Retype the lines below exactly, but only those from the line that has "Heat & Glo Fireplace Hialeah - FL" through the line that has "support of international". Omit every picture.

START Data to process

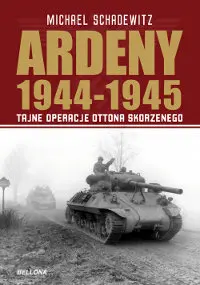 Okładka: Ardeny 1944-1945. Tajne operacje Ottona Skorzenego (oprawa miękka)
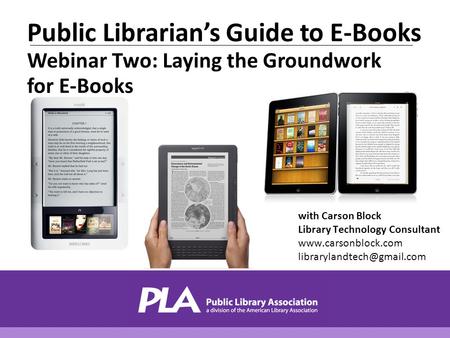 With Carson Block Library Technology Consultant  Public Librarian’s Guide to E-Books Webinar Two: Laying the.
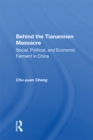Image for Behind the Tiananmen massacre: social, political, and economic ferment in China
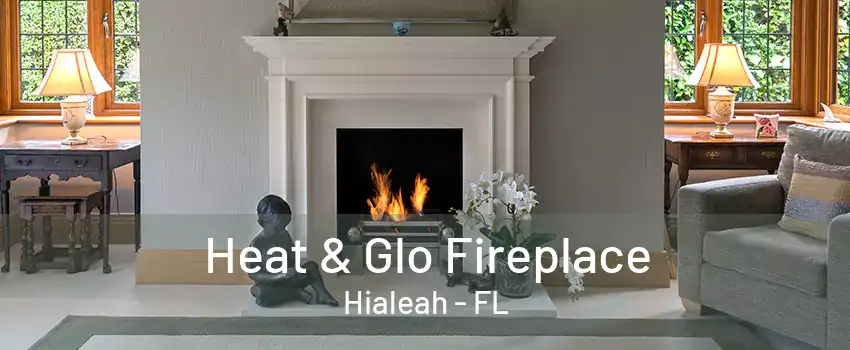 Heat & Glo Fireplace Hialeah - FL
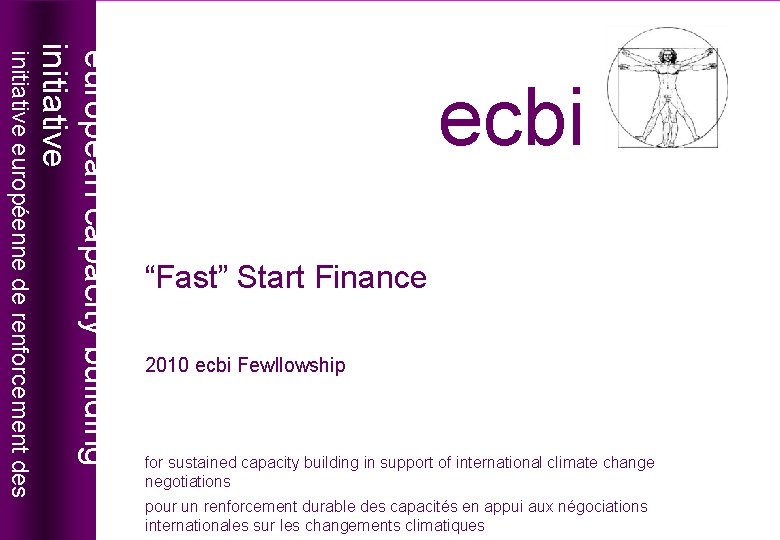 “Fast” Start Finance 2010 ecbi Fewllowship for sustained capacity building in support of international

END Data to process
START Data to process

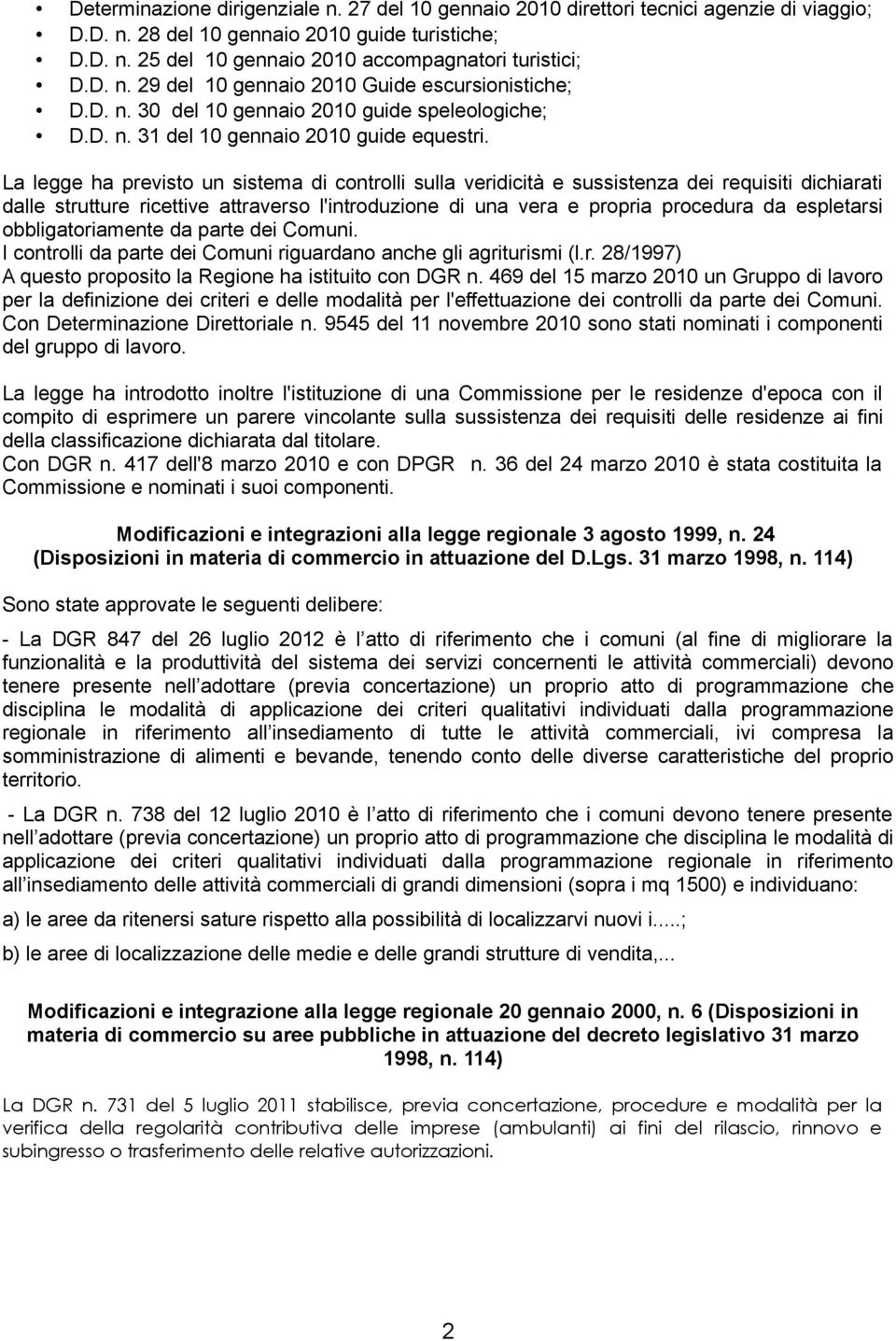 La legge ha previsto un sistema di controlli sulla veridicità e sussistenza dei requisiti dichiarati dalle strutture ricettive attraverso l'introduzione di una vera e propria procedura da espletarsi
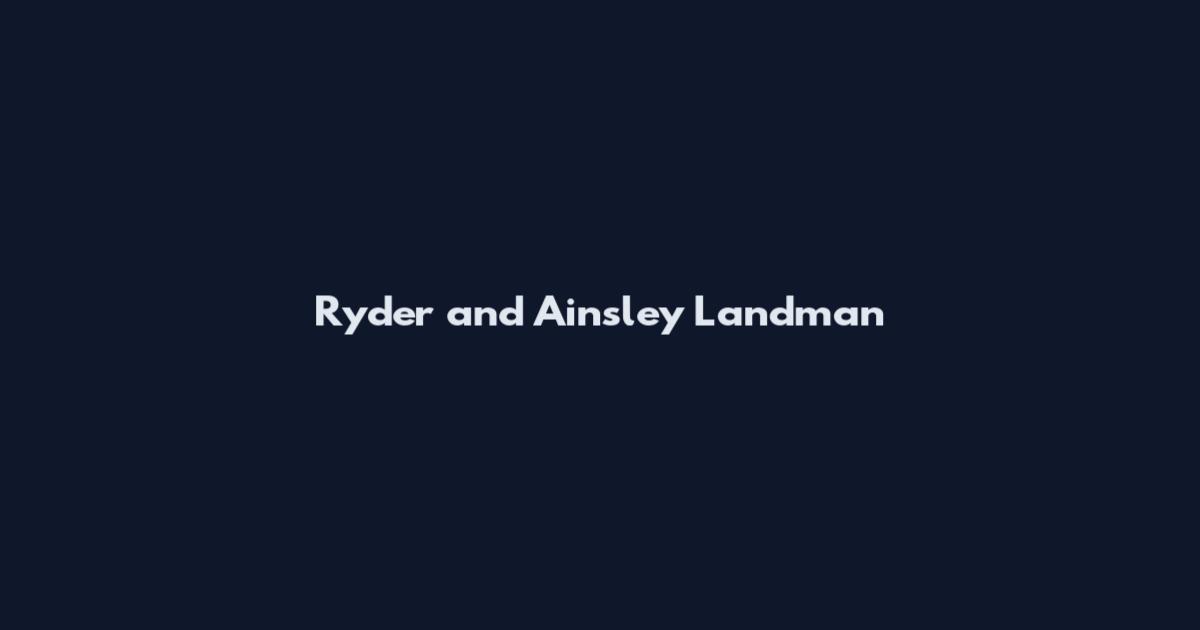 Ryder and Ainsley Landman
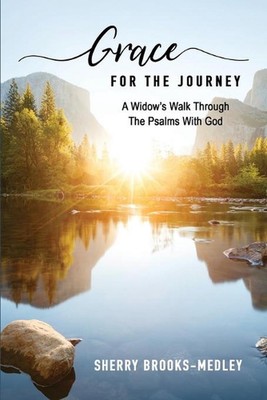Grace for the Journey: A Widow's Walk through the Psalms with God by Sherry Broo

END Data to process

_Your solution_
 Heat & Glo Fireplace Hialeah - FL
 “Fast” Start Finance 2010 ecbi Fewllowship for sustained capacity building in support of international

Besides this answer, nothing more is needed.